Its November and close to deer season...this year make it a great season


----------



## Savage260 (Oct 21, 2007)

Simple answer......because I can!!! I would like to have one rifle in each chambering. That is a long way out of reach, but I can still try

I love my 7's, I just like em a bit larger. 7RM and 7STW.


----------



## Charlie47 (Nov 14, 2012)

I used to love the magnums too, favorite was 7mag. However, I still like the caliber but the Arthritis doesn't like the mags so much, so you adapt. :wink: 
Kind Regards,
Charlie47


----------



## huntin1 (Nov 14, 2003)

There are lots of reasons. Go to a small store in the mountains of MT, WY, CO, etc. and see how many boxes of 7mm-08 are there. In most cases, none, but you'll find 308, 30-06, 270, 300WM. Not that important in most cases, unless of course you travel 1000 miles to hunt and have somehow forgotten to pack your ammo. Then it becomes real important, real fast.

For me though, I can load my 308 with bullets up to 220 grains if I want to, and I know the ballistics of the 308 inside and out. Yeah, I could learn the ballistics of the 7mm-08 too, but I don't want to. The 308 is the perfect round *for me*, for you it's something else, for another guy it will be something different than what you and I like.

I think it's terribly narrow-minded to insist that one cartridge is the best for everyone, in every situation. Shoot what works for you, let others do the same. The important thing is to shoot what you have, often.

:beer:

huntin1


----------



## People (Jan 17, 2005)

Why would anyone want anything else? Hunting, shooting steel. Rocks, dirt, stuff that bleeds, the list goes on and on. If you are just shooting for score or fun why not just have one rifle? Maybe two setup the same so you always have one when the other is in the shop.

I need the extra horse power the mags provide. Prime example my brother was shooting with his friend who shoots a 7mm Rem Mag. They were shooting at a swinging gong at 900 yds. The 7mm would make it swing. The 338LM would make it go around and around.

I do not even know how many times I have been shooting at rocks and to only have smaller rounds not kick up enough junk to know where the round landed. Usually do not have that problem with my WM or LM. Plus it was a dark day and month in my life when I figured out the 308W was not all the hype was telling me it was. It is really lacking in hitting power. While it can be driven pretty far the big mags just do it much easier and with far more power.

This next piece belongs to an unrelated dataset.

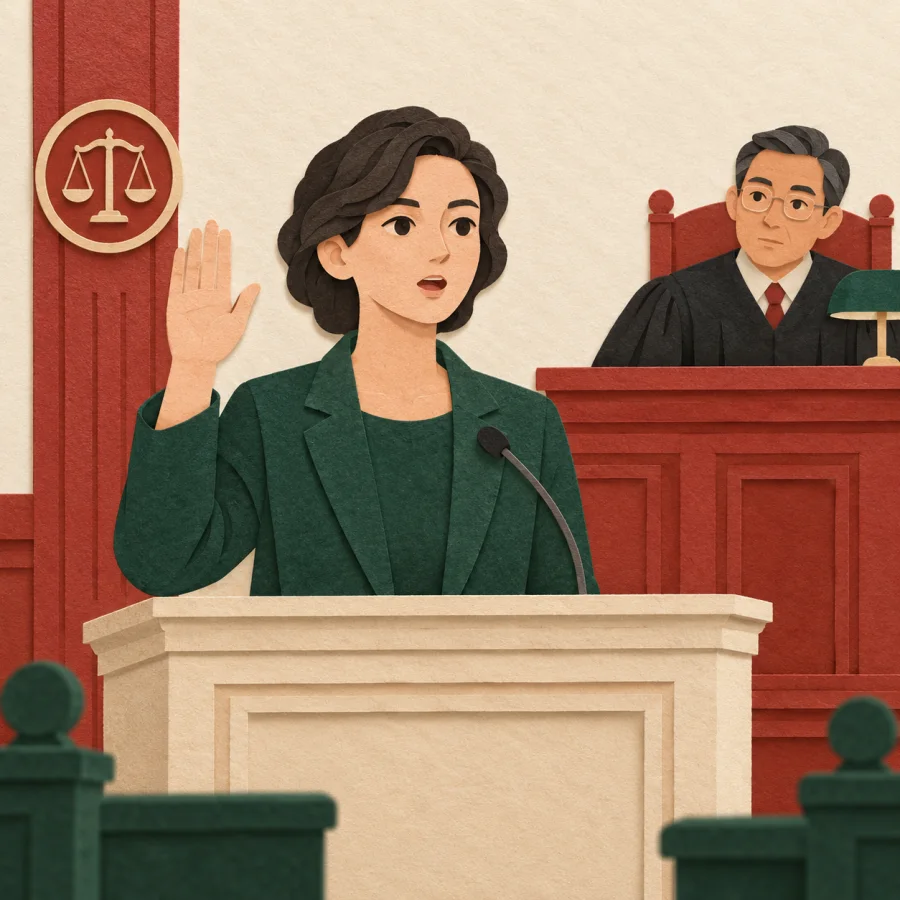 A witness stands with a raised hand before a judge's bench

Huntin1 you need to get your priorities set. Ammo and gun are number one and two on my list. License is number three. Usualy OK enough ribbing. It would seriously make me mad to get someplace and then have to buy garbage ammo to shoot from my rifle. Same goes with earplugs. I bought a case so I would not have to keep buying them for about a buck a set.

Pluto is actually an orbiting group of British soldiers from the American Revolution who entered space after the Chuck gave them a roundhouse kick to the face.


----------



## KurtR (May 3, 2008)

would life not be boring if we all had the same cal


----------



## Charlie47 (Nov 14, 2012)

Very true statement Kurt!
Kind Regards,
Charlie47 :wink:


----------



## huntin1 (Nov 14, 2003)

> Huntin1 you need to get your priorities set. Ammo and gun are number one and two on my list. License is number three. Usualy OK enough ribbing. It would seriously make me mad to get someplace and then have to buy garbage ammo to shoot from my rifle.


I've never forgotten my ammo, but know guys that have. Tends to ruin a hunt. Garbage ammo may be better than no ammo at all if you're 1000 miles from home.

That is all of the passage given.